Ne kadar da gençler... Deniz kıyısında çekilmiş bir fotoğrafta
Marmara Üniversitesi öğrencisi abla Özgenur Dikmen (20), kız
kardeşi Gülce’ye (12) sarılmış. Gülce, başını ablasının sağ koluna
dayamış ve sol elini de onun elinin üstüne koymuş. Ablasının
kollarında olmanın, ondan güç almanın mutluluğu ve özgüveni iç içe
geçmiş.
Şimdi kendilerini karşılayan çok uzaklardaki başka bir dünyada
abla-kardeş yine el ele yürüyorlar.
Bir diğer görüntüde Oğuz Arda Sel (9), trenin hareketinden önce bir
ayağını vagonun basamağına koymuş, iki eliyle zafer işareti yapıyor
fotoğrafını çeken babası Hakan Sel’e. Hayata karşı iddiasını ortaya
koyuyor daha bu yaşta. Hürriyet’teki haberde, en büyük hayalinin
Barcelona’da futbol oynamak olduğunu okuyoruz. Yaşasaydı herhalde
geçen pazar günkü Dünya Kupası finalini kaçırmazdı Arda.
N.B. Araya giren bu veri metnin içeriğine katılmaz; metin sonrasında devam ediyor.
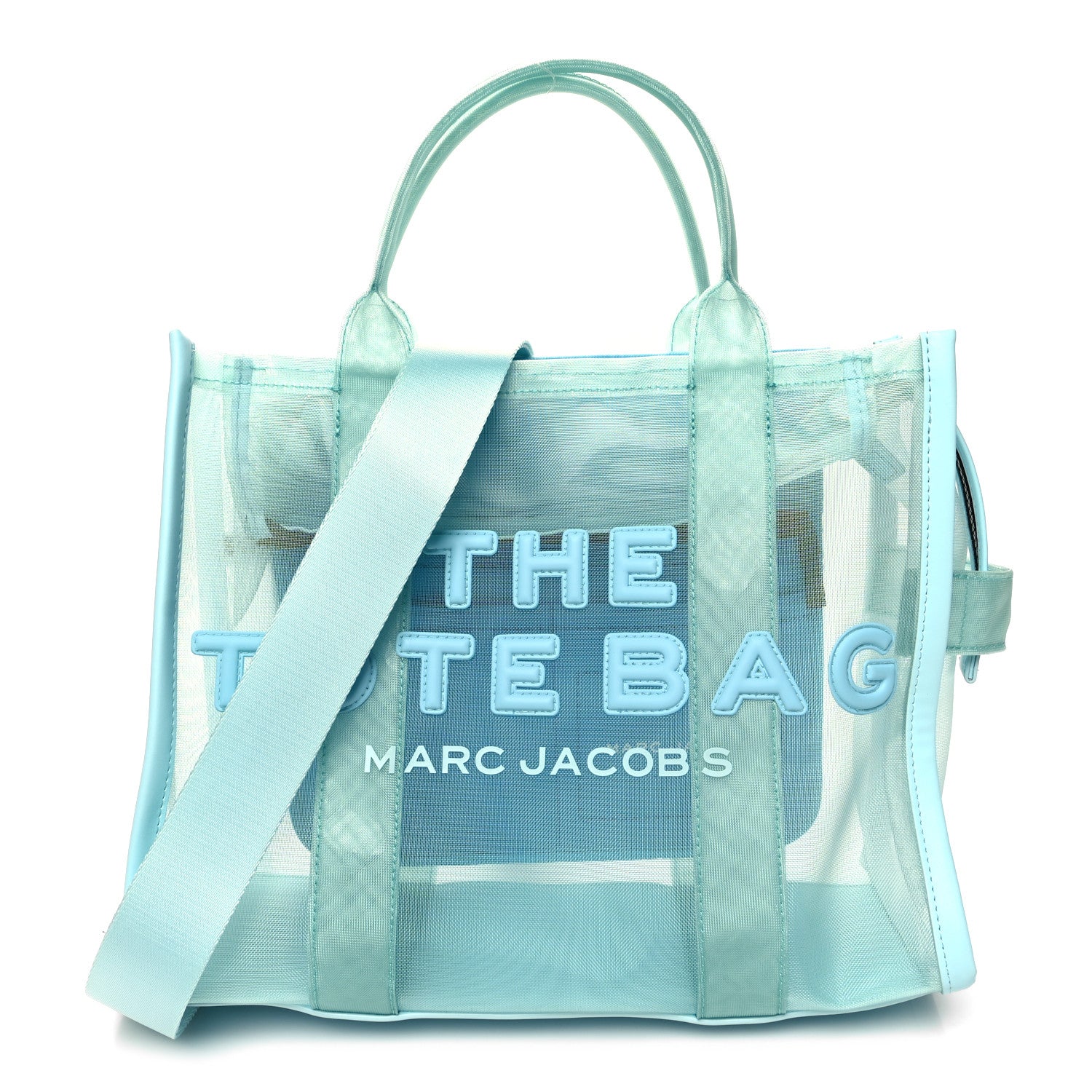 Marc Jacobs Nylon The Mesh Large Tote Bag Pale Blue 1 of 10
Her ne
kadar Barcelona’yı tutsa da Real Madrid’li Modriç’i eminim iyi
tanıyordu.
Şimdi o da babasının ellerine sımsıkı sarılmış halde başka bir
dünyada yürüyor.
Bir de bu hayattan hiçbir şey anlayamadan göçüp gidenler var.
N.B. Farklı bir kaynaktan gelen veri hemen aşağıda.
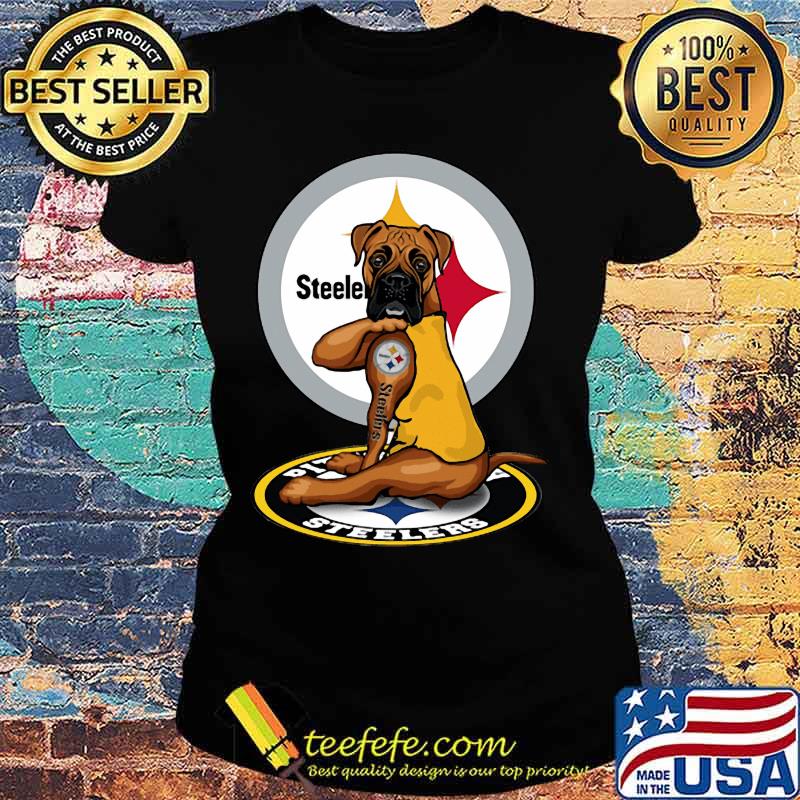Boxer tattoos pittsburgh steelers football s Ladies tee Boxer tattoos pittsburgh steelers football s Ladies tee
Annesi Derya Kurtuluş ile birlikte can veren Beren henüz beş
aylıktı.
Şimdi o da gittiği diyarda yine annesinin şefkatli kucağına
sığınmış durumda.
Uzunköprü-Halkalı seferini yapan yolcu treni, 8 Temmuz Pazar günü
saat 15.40’ta kalkış verildikten sonra ağır ağır ilerlemeye
başladı.
Vagonların içindeki yolcular Tekirdağ’ın Muratlı-Balabanlı
bölgesinde yağmur sularının bir menfezin üzerindeki dolguyu
boşaltığ...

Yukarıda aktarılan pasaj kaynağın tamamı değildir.